| EXERCISE DIRECTIONS |
In your copy, leave out the pictures; write out all the data exactly.

| DATA |
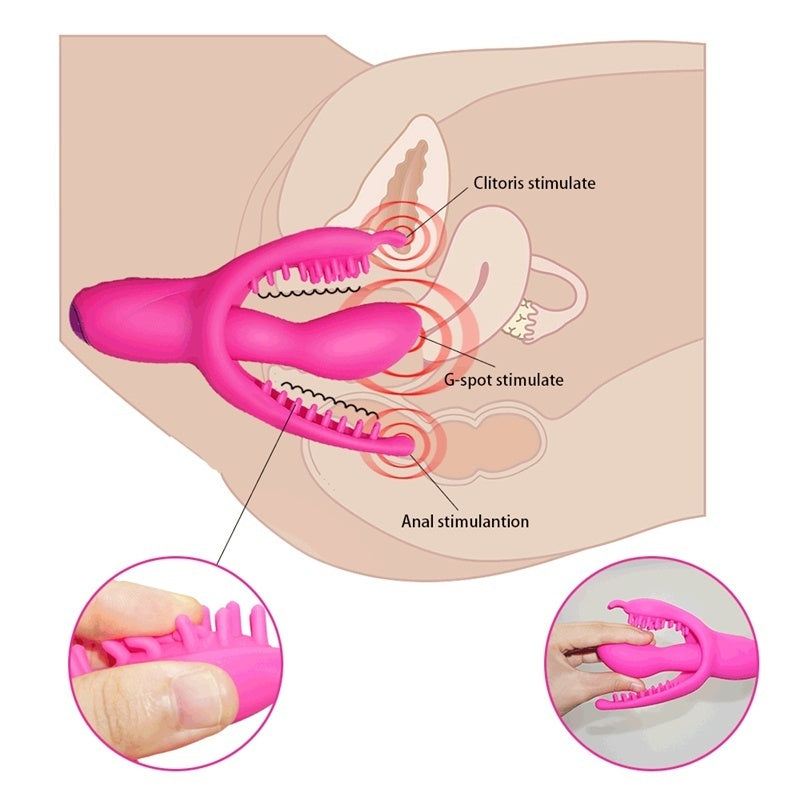 3 Point Stimulator Dildo Vibrator Female Clitoris Body Massager Sex Toys for Women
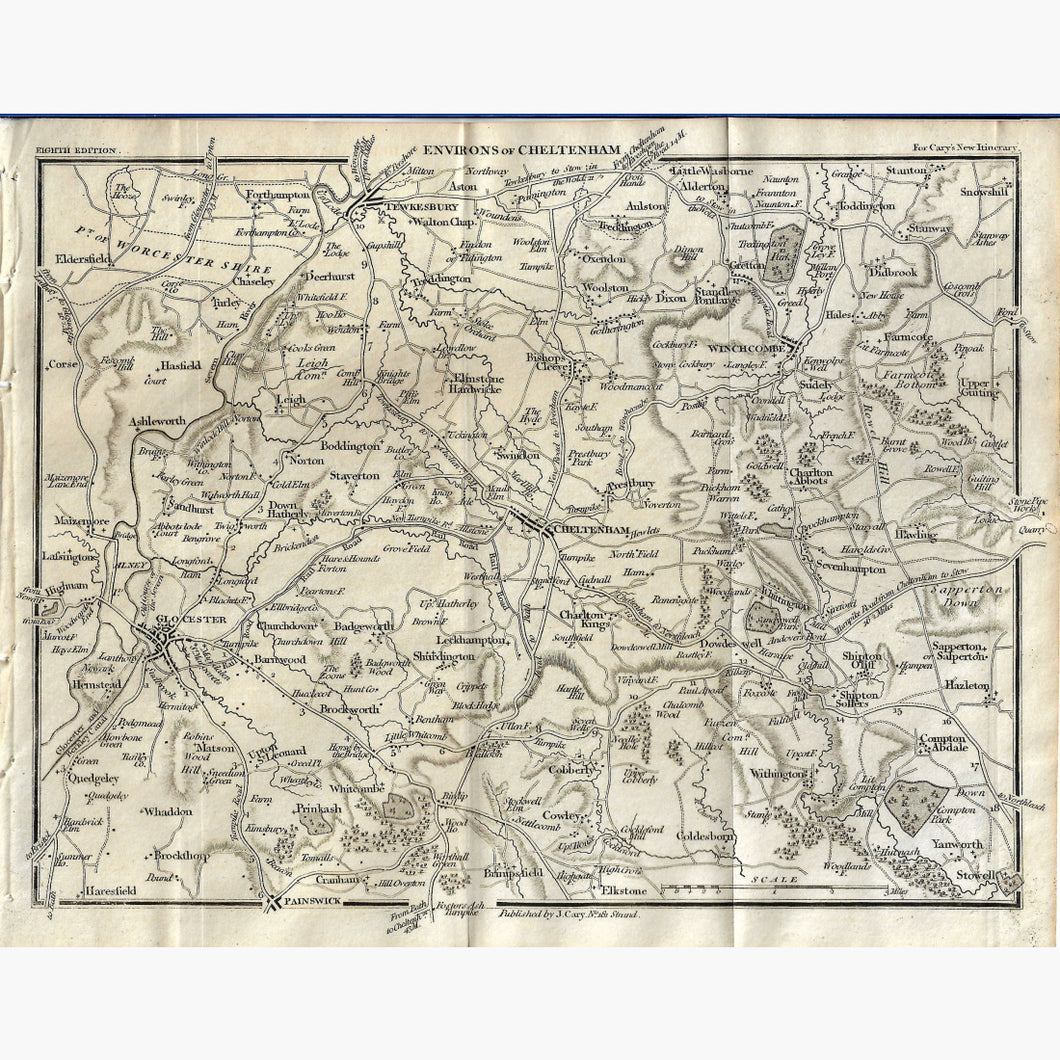 Antique Map Environs of Cheltenham 1819 Maps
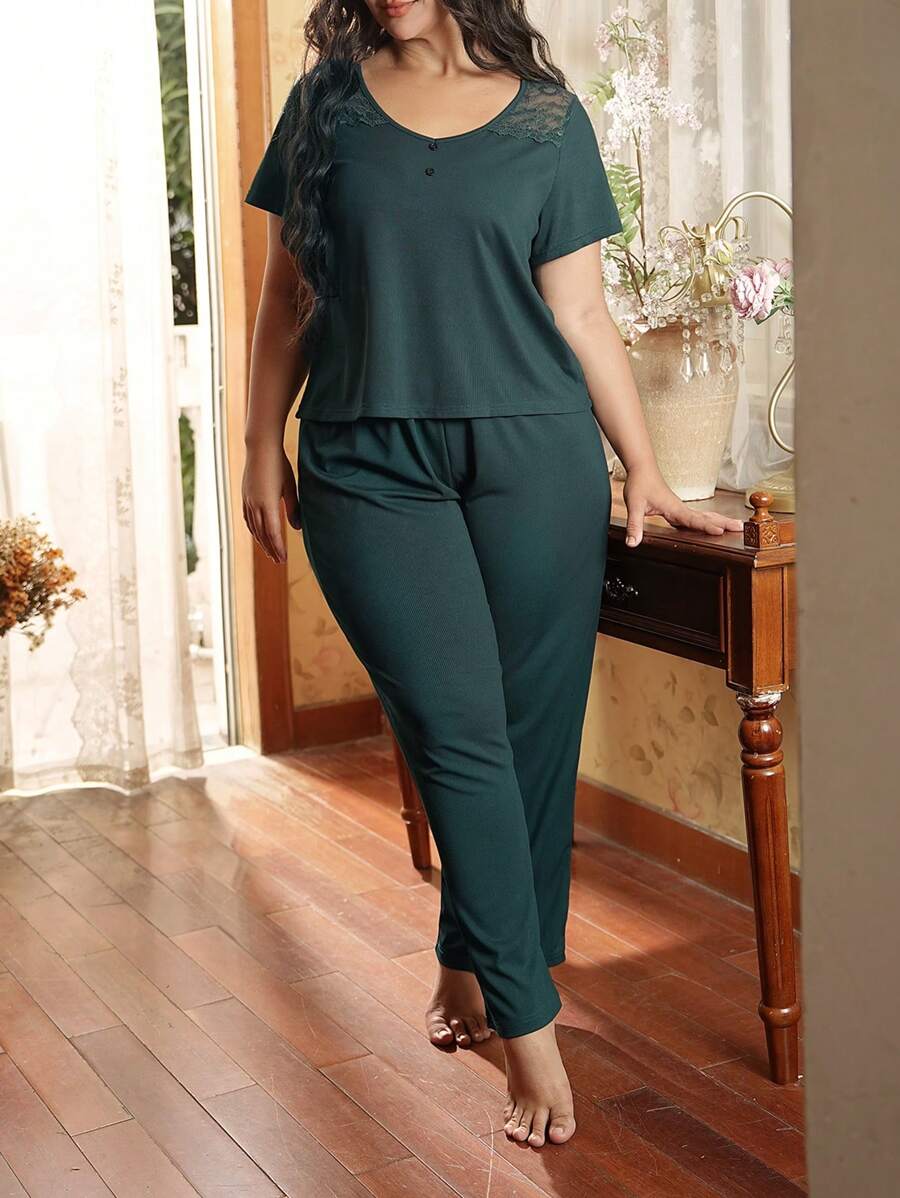 Plus Size Casual Koronkowy Patchworkowy Zestaw Piżamowy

| SOLUTION TO THIS PROBLEM |
 3 Point Stimulator Dildo Vibrator Female Clitoris Body Massager Sex Toys for Women
 Antique Map Environs of Cheltenham 1819 Maps
 Plus Size Casual Koronkowy Patchworkowy Zestaw Piżamowy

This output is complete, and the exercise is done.